DATASET RECORDS Block Start
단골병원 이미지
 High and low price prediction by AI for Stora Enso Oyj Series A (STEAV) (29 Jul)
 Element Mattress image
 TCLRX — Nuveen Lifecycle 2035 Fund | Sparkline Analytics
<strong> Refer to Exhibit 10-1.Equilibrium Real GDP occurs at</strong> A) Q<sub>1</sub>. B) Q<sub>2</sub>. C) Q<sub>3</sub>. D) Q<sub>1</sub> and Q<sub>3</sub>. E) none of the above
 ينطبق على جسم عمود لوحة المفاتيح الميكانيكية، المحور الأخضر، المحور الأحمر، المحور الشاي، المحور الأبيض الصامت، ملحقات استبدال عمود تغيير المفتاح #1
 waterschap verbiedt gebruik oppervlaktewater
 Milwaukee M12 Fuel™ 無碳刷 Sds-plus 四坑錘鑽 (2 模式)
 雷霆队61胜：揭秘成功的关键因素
DATASET RECORDS Block End
DATASET RECORDS Block Start
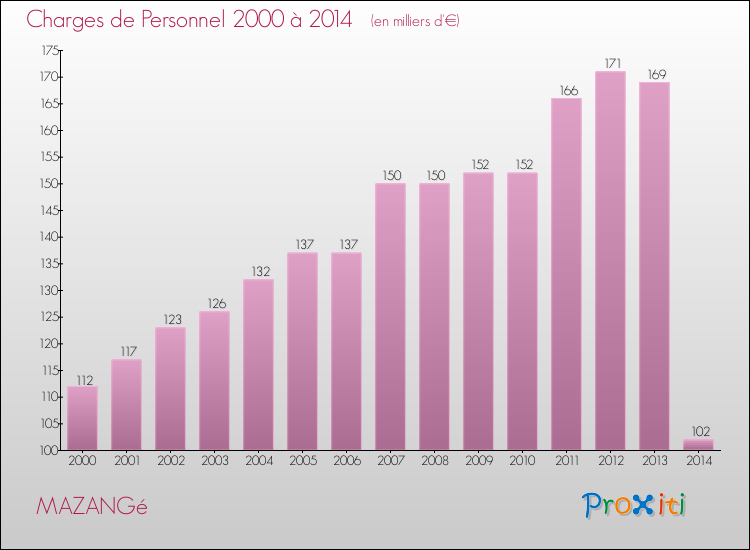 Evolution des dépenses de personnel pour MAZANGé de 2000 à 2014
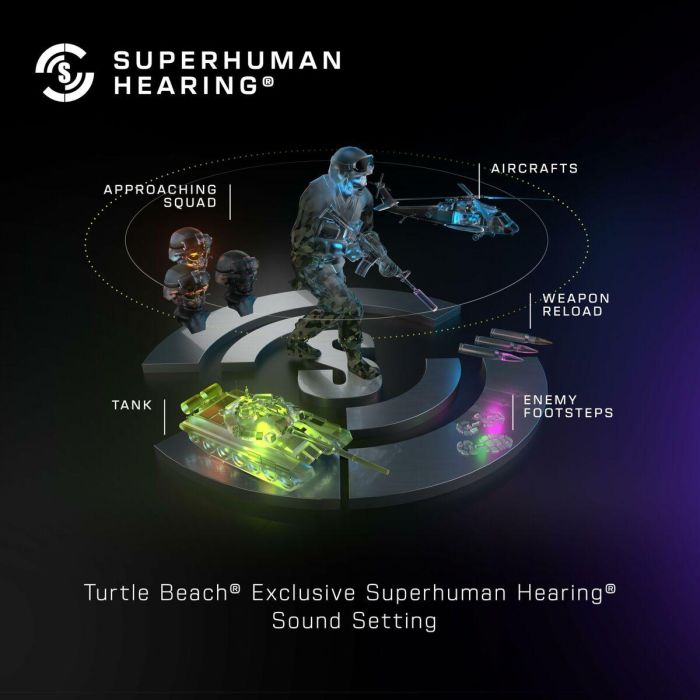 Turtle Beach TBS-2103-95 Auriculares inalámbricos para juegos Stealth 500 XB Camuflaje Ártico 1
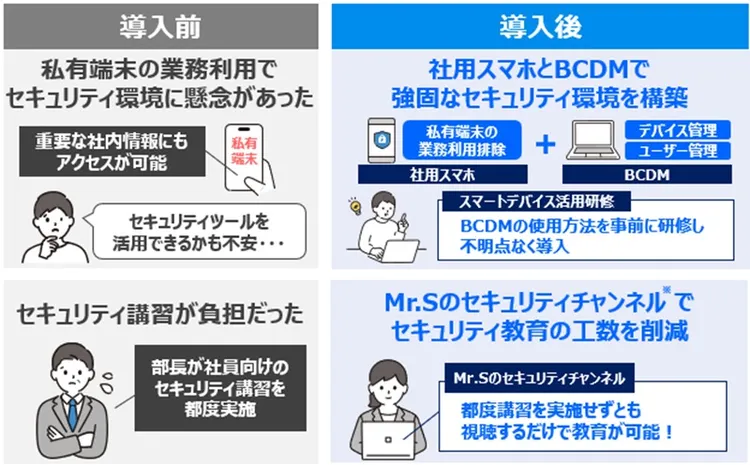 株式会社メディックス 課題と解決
DATASET RECORDS Block End
- EXERCISE: In the material above, transcribe exactly the lines beginning at the one with "High and low" and ending at the one with "雷霆队61胜：揭秘成功的关键因素", both included.

- RESPONSE:
 High and low price prediction by AI for Stora Enso Oyj Series A (STEAV) (29 Jul)
 Element Mattress image
 TCLRX — Nuveen Lifecycle 2035 Fund | Sparkline Analytics
<strong> Refer to Exhibit 10-1.Equilibrium Real GDP occurs at</strong> A) Q<sub>1</sub>. B) Q<sub>2</sub>. C) Q<sub>3</sub>. D) Q<sub>1</sub> and Q<sub>3</sub>. E) none of the above
 ينطبق على جسم عمود لوحة المفاتيح الميكانيكية، المحور الأخضر، المحور الأحمر، المحور الشاي، المحور الأبيض الصامت، ملحقات استبدال عمود تغيير المفتاح #1
 waterschap verbiedt gebruik oppervlaktewater
 Milwaukee M12 Fuel™ 無碳刷 Sds-plus 四坑錘鑽 (2 模式)
 雷霆队61胜：揭秘成功的关键因素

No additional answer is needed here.